While asters are normally associated with the autumn garden, Frikart’s aster (Aster x frikartii) blooms during the summer months. A hybrid of Italian A. amellus and Himalayan A. thomsonii, this plant is a welcome addition to the mid-summer mixed border. Starting in June or July, it puts on a show that lasts until late summer or early fall. Although not native to this country, Frikart’s aster is well behaved and non-invasive. It forms a 2- to 3-foot tall, loose, bushy mound with dark green leaves and 2- to 3-inch wide blue-violet blossoms. It prefers full sun to partial shade and tolerates dry soil. Excellent drainage is an absolute must for this plant, especially in the winter. This drought-tolerant plant enjoys a long blooming period and, if dead-headed, can continue blooming well into fall. When deadheading, be careful not to cut off the buds of new flowers that are forming next to the spent blooms.
Four cultivars of Frikart’s aster were developed in the 1920s by German hybridizer Frikart: ‘Wonder of Staffa’ (or ‘Wunder von Stafa’), ‘Monch,’ ‘Jungfrau’ and ‘Eiger.’ Of the four, the two most commonly available in this country are ‘Monch’ and ‘Wonder of Staffa.’ Both have daisy-like blooms with lavender-blue rays and yellow centers. ‘Wonder of Staffa’ blooms earlier than ‘Monch’ and is taller with a looser habit.
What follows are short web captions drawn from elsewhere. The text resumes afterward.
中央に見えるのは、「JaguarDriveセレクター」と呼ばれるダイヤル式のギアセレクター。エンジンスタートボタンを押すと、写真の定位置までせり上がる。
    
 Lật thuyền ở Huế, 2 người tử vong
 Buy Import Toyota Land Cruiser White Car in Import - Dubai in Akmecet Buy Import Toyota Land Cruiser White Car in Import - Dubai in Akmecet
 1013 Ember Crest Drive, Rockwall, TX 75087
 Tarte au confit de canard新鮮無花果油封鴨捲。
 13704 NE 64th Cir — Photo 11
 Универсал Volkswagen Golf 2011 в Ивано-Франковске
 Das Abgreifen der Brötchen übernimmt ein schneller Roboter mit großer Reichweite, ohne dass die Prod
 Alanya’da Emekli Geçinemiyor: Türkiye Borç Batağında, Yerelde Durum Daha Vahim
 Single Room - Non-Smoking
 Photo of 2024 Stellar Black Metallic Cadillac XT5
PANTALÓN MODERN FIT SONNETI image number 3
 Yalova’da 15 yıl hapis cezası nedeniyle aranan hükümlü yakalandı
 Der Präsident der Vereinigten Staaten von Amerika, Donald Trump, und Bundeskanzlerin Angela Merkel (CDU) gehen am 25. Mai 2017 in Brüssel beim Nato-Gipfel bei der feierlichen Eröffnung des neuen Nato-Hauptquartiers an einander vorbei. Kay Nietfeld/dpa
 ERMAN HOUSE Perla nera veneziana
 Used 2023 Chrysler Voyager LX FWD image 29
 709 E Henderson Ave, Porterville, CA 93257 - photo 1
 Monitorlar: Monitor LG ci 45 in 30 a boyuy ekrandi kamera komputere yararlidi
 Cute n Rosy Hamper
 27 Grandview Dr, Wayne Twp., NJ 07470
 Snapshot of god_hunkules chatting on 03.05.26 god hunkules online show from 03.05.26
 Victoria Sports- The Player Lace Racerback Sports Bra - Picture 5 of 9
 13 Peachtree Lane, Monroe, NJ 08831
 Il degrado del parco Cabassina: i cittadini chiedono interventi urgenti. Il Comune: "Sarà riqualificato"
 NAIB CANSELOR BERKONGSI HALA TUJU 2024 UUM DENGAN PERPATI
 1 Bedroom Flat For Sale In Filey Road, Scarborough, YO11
It has paler lavender-blue blossoms that combine well with deeper blues and yellows in the landscape. According to the Thomas Jefferson Center for Historic Plants, ‘Wonder of Staffa’ was praised in 1939 as “one of the most constant blooming plants in existence producing freely branching sprays of clear lavender-blue flowers in lavish profusion.” The color harmonizes particularly well with deeper shades of lavender-blue and violet. ‘Homestead Purple’ verbena is an excellent companion as well as magenta-colored globe amaranth (Gomphrena globosa). Another good companion plant is ‘Grand Parade’ beebalm (Monarda didyma) with its deep violet color.
Frickart’s aster can become floppy as the season progresses. Cutting it back in May or June can improve the growth habit but will delay flowering. Toward the end of the growing season, the foliage tends to become sparse, so it is wise to hide its stalks with a lower-growing plant. Deep purple petunias are ideal for this purpose and offer a stunning contrast with the paler aster blossoms.
Although hardy to Zone 5, Frikart’s aster appreciates being left standing during the winter months and then cut back in spring. It may be propagated though cuttings or division in the spring. Growing from seed is possible but not recommended because the new plant will not be true to color.
While no plant is ever completely deer proof, Frikart’s aster is generally not bothered by either deer or rabbits. It also has good mildew-resistant qualities.